U.S. Sen. Jim Risch said the regulatory burden that includes mine permitting has gone beyond excessive. He noted that in an average year, Congress will adopt roughly 800 pages of new laws. In that same average year, he said, the federal bureaucracy will adopt about 80,000 pages of new rules and regulations. And that’s not the worst of it.

“For Congress to get rid of or amend a regulation, the House has to approve it, the Senate has to approve it and the president has to sign it,” said Risch, ranking member of the Senate Small Business Committee. “Bureaucrats have that power by themselves. They can put it in place . . . and it stays there forever until bureaucrats change it or Congress changes it. That’s outrageous.”

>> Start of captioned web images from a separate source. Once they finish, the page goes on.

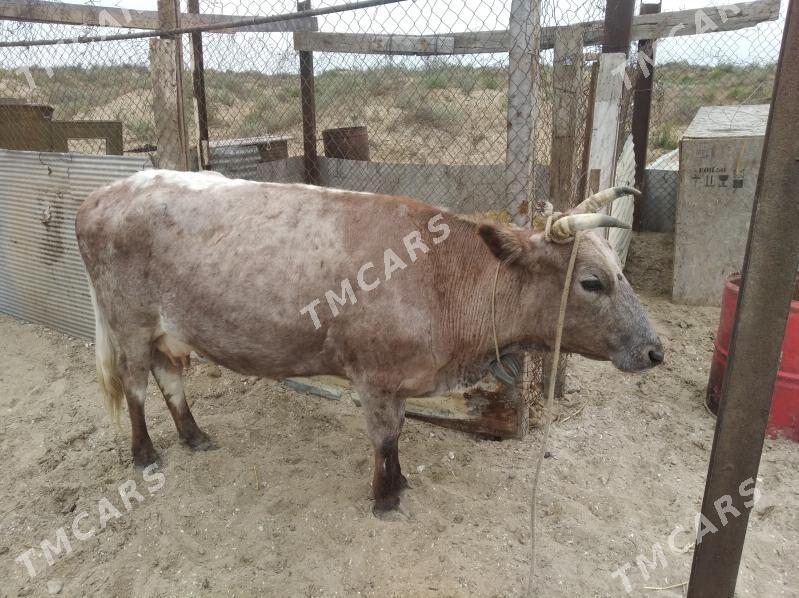Bogaz sygyr - Türkmenbaşy - img 2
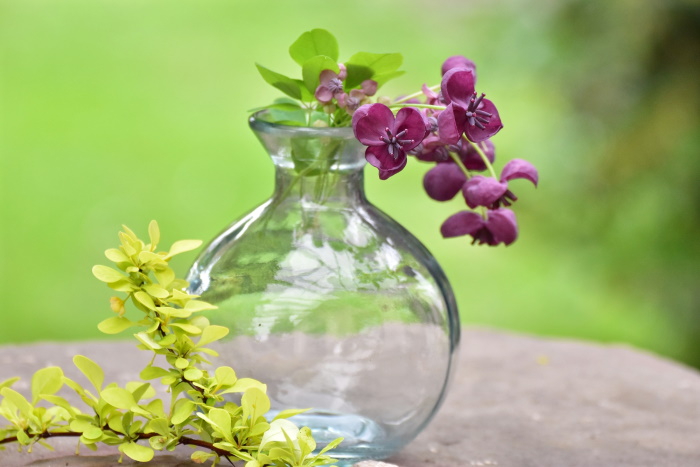 Jak vybrat vázy skleněné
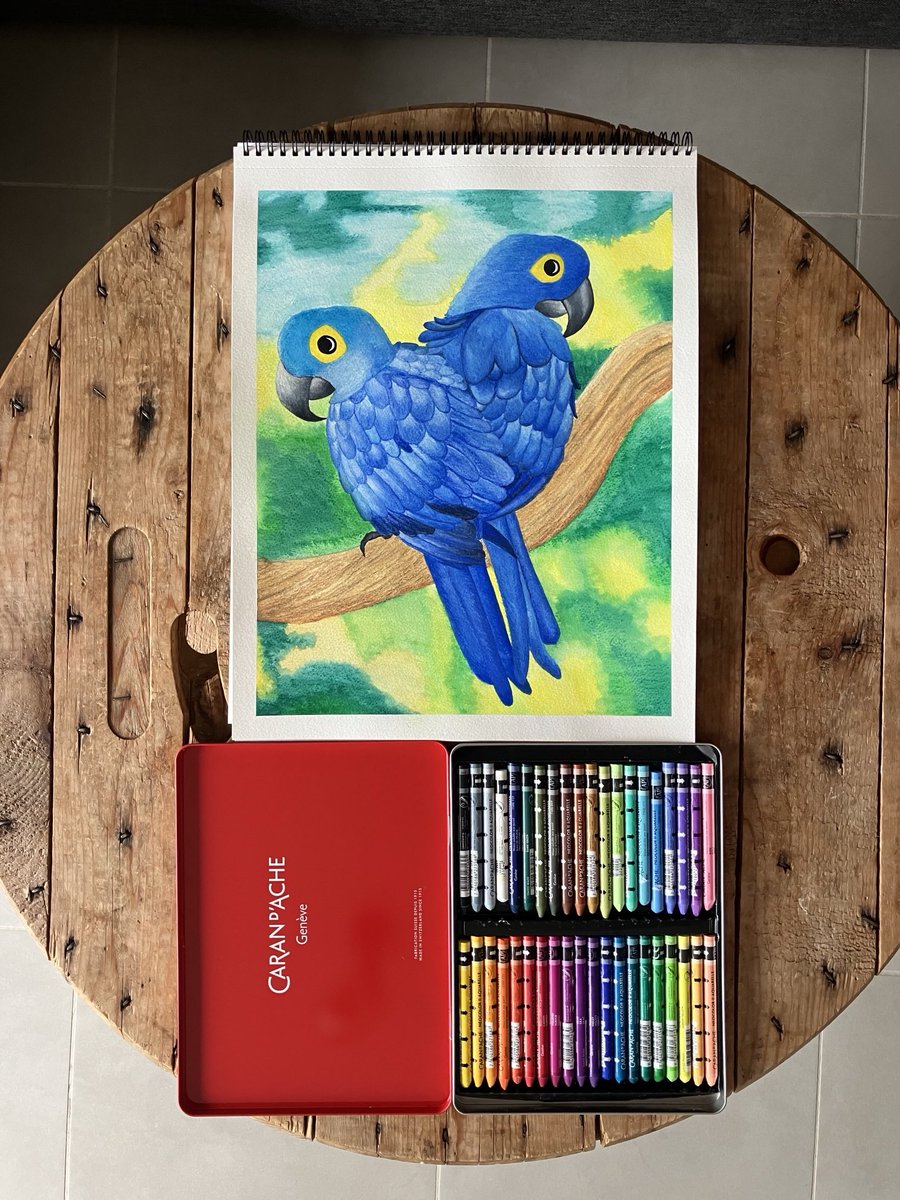 gregomaggie's tweet photo. Ça y est, j’ai terminé de dessiner et peindre mes Ara Hyacinthe. On adore ces oiseaux joliment colorés 🥰🦜#carandache #art #neocolor2 #peinture  #perroquet #nature #oiseaux #aquarelle https://t.co/FcABEhNFUW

Hanady Kader, a spokesperson for the federal Environmental Protection Agency Region 10 office in Seattle, declined comment on specific questions about permitting and other regulations. However, she recommended questions be directed to other regulatory agencies and gave the following statement in response to the newspaper’s request:

“Mining operations commonly trigger the need for water and air permits and other authorizations or licenses that must be obtained from different levels — including local, state, and federal. EPA supports the approach of facilitating collaboration between applicants and regulatory agencies in addition to concurrent, rather than sequential, reviews for permits, which helps all parties engage early in the permitting process.

“EPA coordinates with federal and state partners, industry and the public to ensure mining proposals are consistent with existing laws and best-available science. However, with the exception of a few states in which EPA issues air and water permits pursuant to the Clean Air Act and Section 402 of the Clean Water Act, EPA is not generally responsible for issuing permits for mining-related activities. EPA provides comments and assistance to the U.S. Army Corps of Engineers, states, and other agencies that do issue such permits. EPA also has the responsibility to review Environmental Impact Statements prepared pursuant to the National Environmental Policy Act for proposed mining activities.”